Remplaçons "canadiens" par "français" dans la définition de l'OCDE, et regardons donc quel est le prix d'un panier de référence coûtant 100 euros en France dans différents pays de l'OCDE (en convertissant selon le taux de change en vigueur).
Les pays où le coût de la vie est le plus élevé sont la Suisse, la Norvège et l'Australie. Concernant la Suisse, un panier de référence coûtant 100 euros en France vaut l'équivalent de 150 euros en Suisse (en convertissant au taux de change actuel euro-franc suisse). C'est à dire que si l'on vous propose d'aller travailler en Suisse, avec une augmentation de votre salaire en euro de 20%, vous allez perdre en pouvoir d'achat. A l'inverse, en Pologne, le panier de référence ne coûte que l'équivalent de 50 euros (au taux de change en vigueur euro-zloty), c'est à dire que le coût de la vie est environ deux fois inférieur au coût de la vie en France.

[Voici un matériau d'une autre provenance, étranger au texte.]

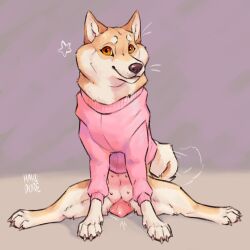panama (hakudoge) fan art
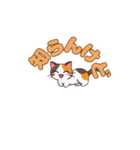 よかったにゃ＊ねこのお祝いスタンプ（個別スタンプ：10）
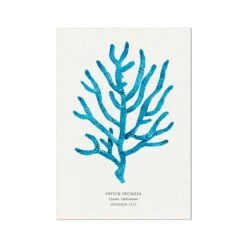 Coral Wall Art | Sea Blue Coral Painting | Specimen 8 - Unframed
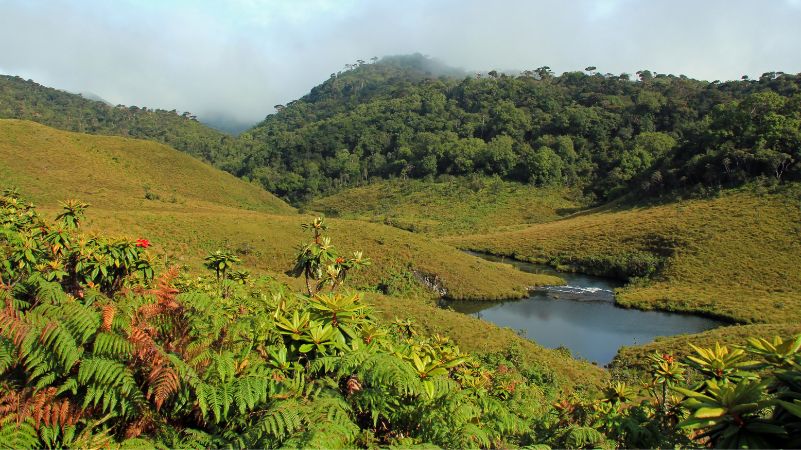 Horton Plains & World’s End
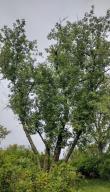 Acer negundo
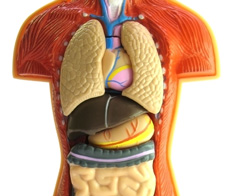 Shopping for Organs: The global trade in human organs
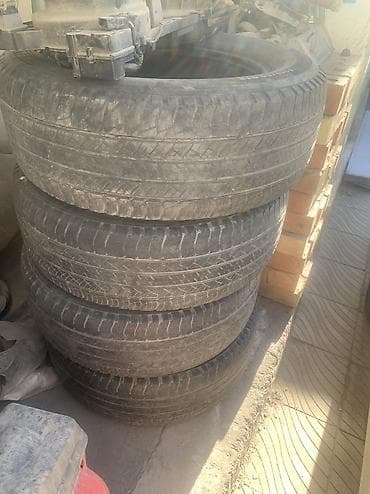шишек: Шины 265 / 60 / R 18, Лето, Б/у, Комплект, Легковые, Michelin — 1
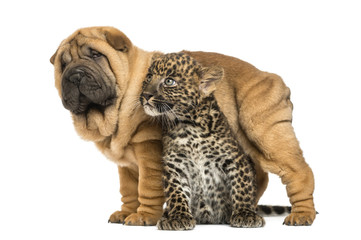 Obraz premium Shar pei puppy standing over a spotted Leopard cub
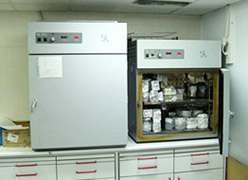Main Image #2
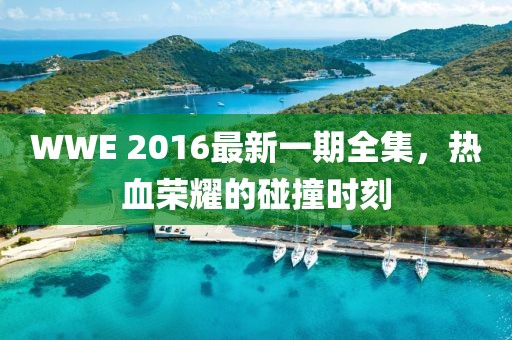 WWE 2016最新一期全集,熱血榮耀的碰撞時(shí)刻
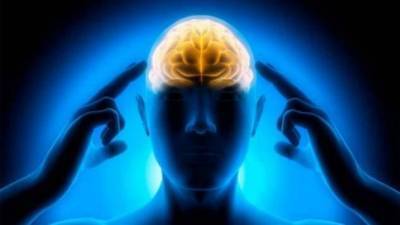 Загадка связи Сознания и Мозга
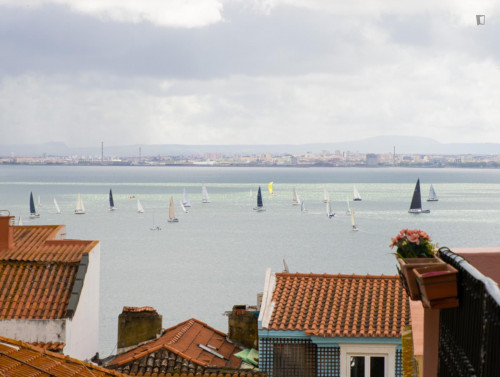 Bright 1-bedroom flat in Lisbon - Gallery - 7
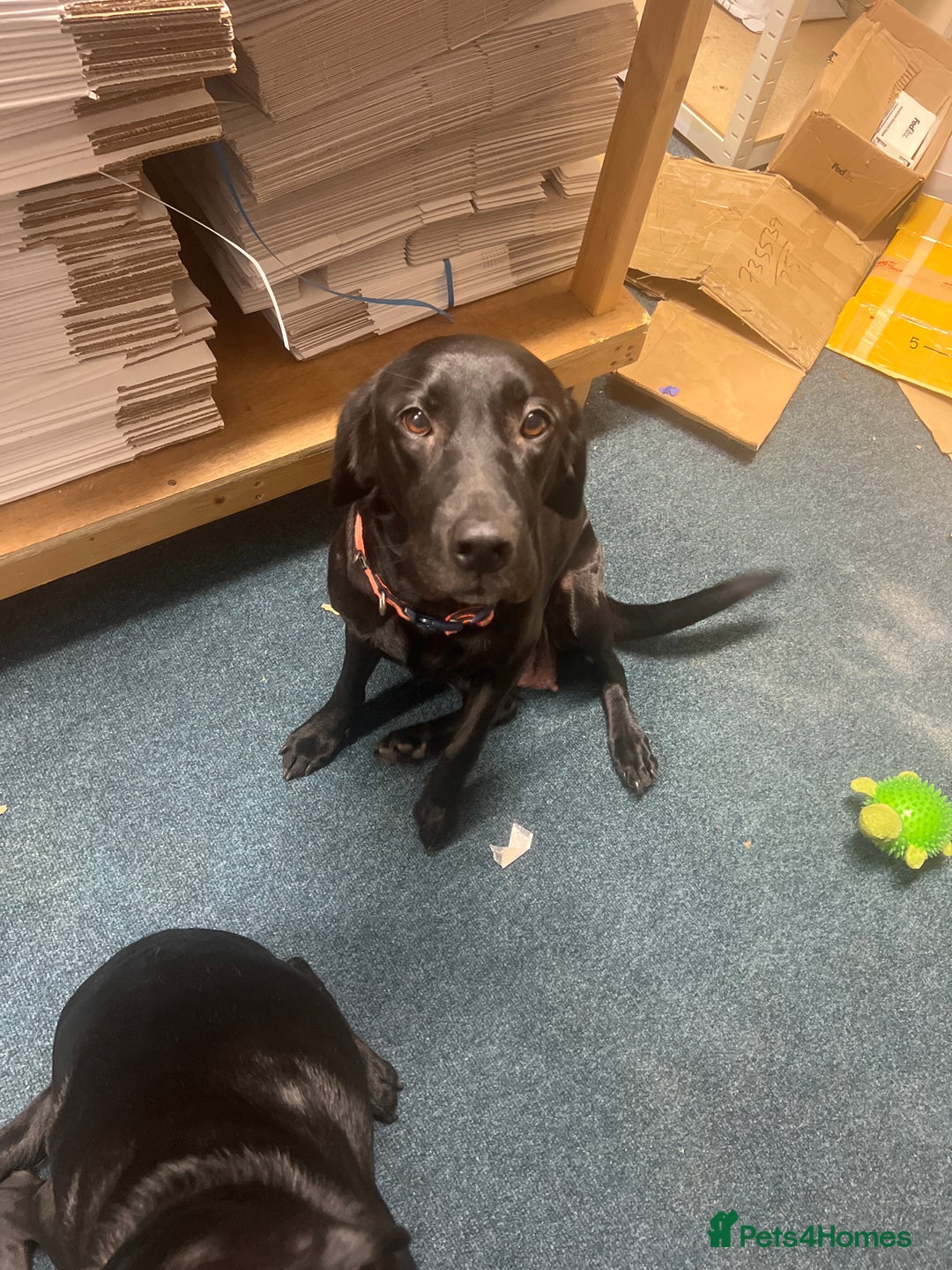 Labrador Retriever dogs for sale: Labrador retriever puppies for sale - Advert 2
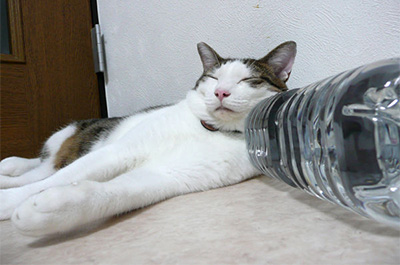ペットボトルを枕にして寝る猫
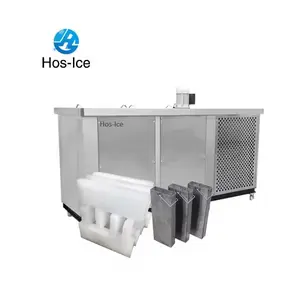 Máquina trituradora de hielo de bloque industrial de 1 tonelada por día, máquina para hacer hielo, precio de bloque de hielo en Turquía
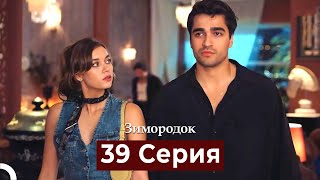 Зимородок 39 Cерия Русский дубляж [upl. by Samalla942]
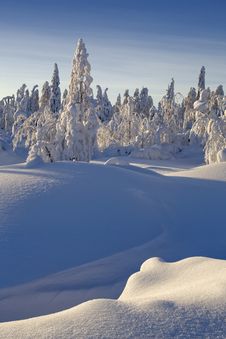 Sunny Winter Day Royalty Free Stock Photo Sunny Winter Day Royalty Free Stock Photo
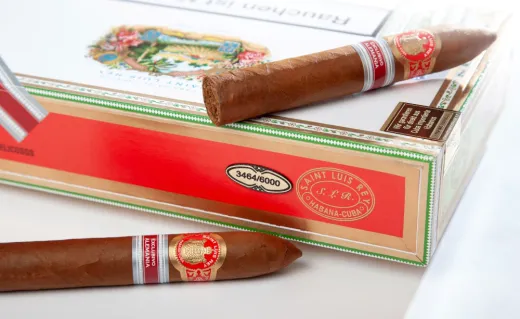 Saint Luis Rey Belicoso Edition Regional 2022
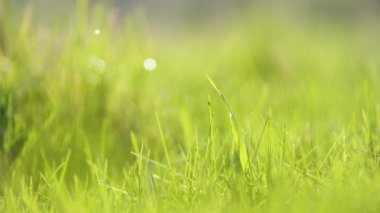 Yazın çimlerin üzerinde büyüyen uzun bıçaklı yeşil çimenlerin yakınına.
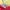 Adidas Y2K Sportswear Track jacket Wanita multicolor photo 5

Conclusion: Le Big Mac Index permet d'expliquer rapidement le principe de la PPA, mais son application est impossible. Par contre, l'indice de l'OCDE permet de voir plus précisément les différences de pouvoir d'achat entre les différents pays, selon le taux de change en vigueur. Si vous regardez l'article d'hier, le PIB en dollar de la France pour 2011 est de 2900 milliards de dollars en convertissant au taux de change nominal, et de 2200 milliards de dollars en PPA (voir graphique sur l'article "La Parité du Pouvoir d'Achat"). Comment expliquer cette différence? Et bien si l'on regarde le graphique ci-dessus de l'OCDE, on voit qu'un panier valant 100 euros en France ne vaut, au taux de change en vigueur, que 80 euros aux US. Le PIB nominal de 2900 milliards serait donc sur-évalué de 20% par rapport au PIB PPA, soit 2900*0,8 = 2320 milliards (on se rapproche considérablement du PIB PPA de 2200 milliards).
Pourquoi est ce que l'on arrive pas exactement au même résultat? Simplement car cela dépend (1) de la date à laquelle le taux de change pour convertir le PIB euro en PIB dollar nominal a été choisi et (2) du prix du panier de référence aux US à cette même date. D'ailleurs une sur-évaluation de 20%, c'est exactement ce que l'on trouve avec l'indice Big Mac non-corrigé par les différences de PIB par tête. Encore une victoire de Ronald Mac Donald!